Silent data corruptions at scale (2021)

Silent data corruptions at scale (2021)(arxiv.org)

84 points by losfair 2 years ago | 39 comments

Very interesting topic, but rather low on detail --- really wanted to see what those 60 lines of Asm that allegedly show a faulty CPU instruction were, and also surprised that it wasn't intermittent; in my experience, CPU problems usually are intermittent and heavily dependent upon prior state, and manually stepping through with a debugger has never shown the "1+1=3" type of situation they claim. That said, I wonder if LINPACK'ing would've found it, as that is known to be a very powerful stress-test with divisive opinions among the overclocking community; some, including me, claim that a system can never be considered stable it if fails LINPACK since that is essentially showing intermittent "1+1=3" behaviour, while others are fine with "occasional" discrepancies in its output since the system otherwise appears to be stable.

jorticka 2 years ago | |

Like all stress tests, linpack will find some errors, but not all.

I had memory stability issues which would immediatly show under Prime95 (less than 1 minute) but pass hours of Linpack.

sirlancer 2 years ago | | |

Prime95 is my gold standard for CPU and memory testing. Everything from desktops to HPC and clustered filesystems get a 24 hour “blend” of tests. If that passes without any instability or bit flips then we’re ready for production.

thfuran 2 years ago | |

>while others are fine with "occasional" discrepancies

I guess I'd probably be okay with that if the only thing I ever used the computer for was gaming.

dang 2 years ago |

Meta quickly detects silent data corruptions at scale - https://news.ycombinator.com/item?id=30905636 - April 2022 (95 comments)

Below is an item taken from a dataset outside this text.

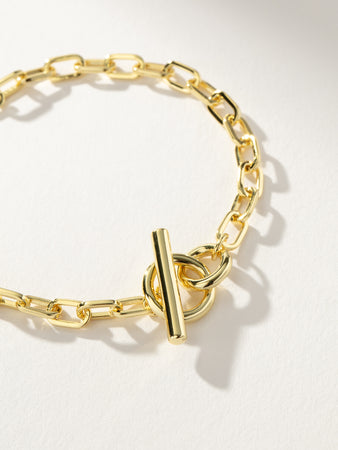 Simple Everyday Toggle and Chain Bracelet in Gold | Uncommon James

Silent Data Corruptions at Scale - https://news.ycombinator.com/item?id=27484866 - June 2021 (12 comments)

dataflow 2 years ago |

Google also had a "Cores That Don't Count" paper on so-called "mercurial cores" https://news.ycombinator.com/item?id=27378624 as well as a presentation https://www.youtube.com/watch?v=QMF3rqhjYuM

ekelsen 2 years ago |

I wrote an article about these affecting LLM training at https://www.adept.ai/blog/sherlock-sdc

walterbell 2 years ago | |

Thanks, does your blog have a working RSS feed?

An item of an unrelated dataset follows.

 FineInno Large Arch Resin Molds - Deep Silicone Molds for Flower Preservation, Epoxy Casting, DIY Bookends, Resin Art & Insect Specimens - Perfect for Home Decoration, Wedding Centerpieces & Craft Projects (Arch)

opisthenar84 2 years ago |

Might be a noob question but for truly important data, couldn't SDCs be detected by using ECC everywhere?

twhitmore 2 years ago |

Interesting. The corruption was in a math.pow() calculation, representing a compressed filesize prior to a file decompression step.

Compressing data, with the increased information density & greater number of CPU instructions involved, seems obviously to increase the exposure to corruption/ bitflips.

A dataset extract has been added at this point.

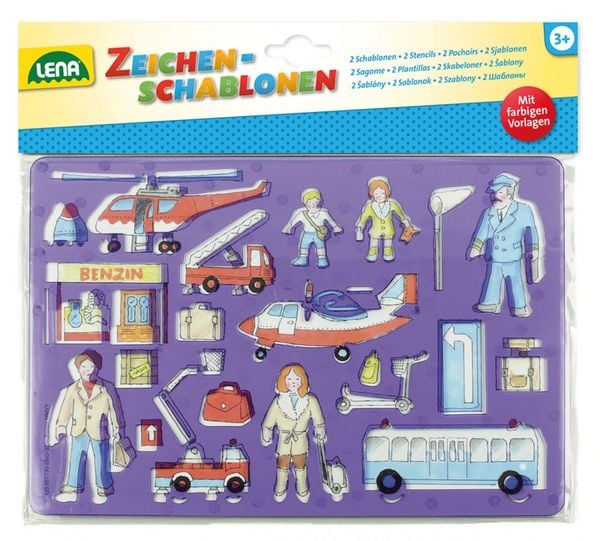 Produktbild: Zeichenschablone Fahrzeuge + Menschen, Beutel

What I did wonder was why compress the filesize as an exponent? One would imagine that representing as a floating-point exponent would take lots of cycles, pretty much as many bits, and have nasty precision inaccuracies at larger sizes.

SomeoneFromCA 2 years ago |

Interesting paper, but has some technical errors. First of all, they keep mentioning SRAM+ECC, instead of DRAM+ECC; you cannot use gcj to inspect assembly code generated for Java method, as it will be completely different from the code generated by Hotspot; you do not need all that acrobatics to get disasm of the method, you could just add an infinite loop to the code and attach gdb to the JVM process and inspect the code or dump the core.

MertsA 2 years ago | |

Disclaimer: I work at Meta and I know a couple of the authors of the paper but my work is completely unrelated to the subject of the paper.

That's not a technical error, they mean SRAM in the CPU itself. You're right about gcj but that's kind of a moot point when investigating some reproducible CPU bug like this. The paper mentions all the acrobatics they went through when trying to find the root cause but if gcj would have been practical then it also would have been immediately clear if the gcj output reproduced the error or not. If it didn't reproduce, no big deal, try another approach. You might be right about it being easier to root cause with gdb directly but I'm not so sure. Starting out, you have no idea which instructions under what state are triggering the issue so you'd be looking for a needle in a haystack. A crashdump or gdb doesn't let you bisect that haystack so good luck finding your needle.

SomeoneFromCA 2 years ago | | |

GCJs implementation could be so vastly different from Hotspot, you could as well rewrite it in C and check if it is failing or not. ChatGPT would generate testcase within a minute.

It all depends how good you are with x64 assembly. If you are good enough, you can easily deduce what the instructions at the location do, and can potentially simply copy-paste into an asm file, compile it and check result. Would be much faster to me.

Bluntly speaking, people who are not familiar with low-level debugging make an honest and succesful attempt to investigate a low-level issue. A seasoned kernel developer or reverse engineer would have just used gdb straight away.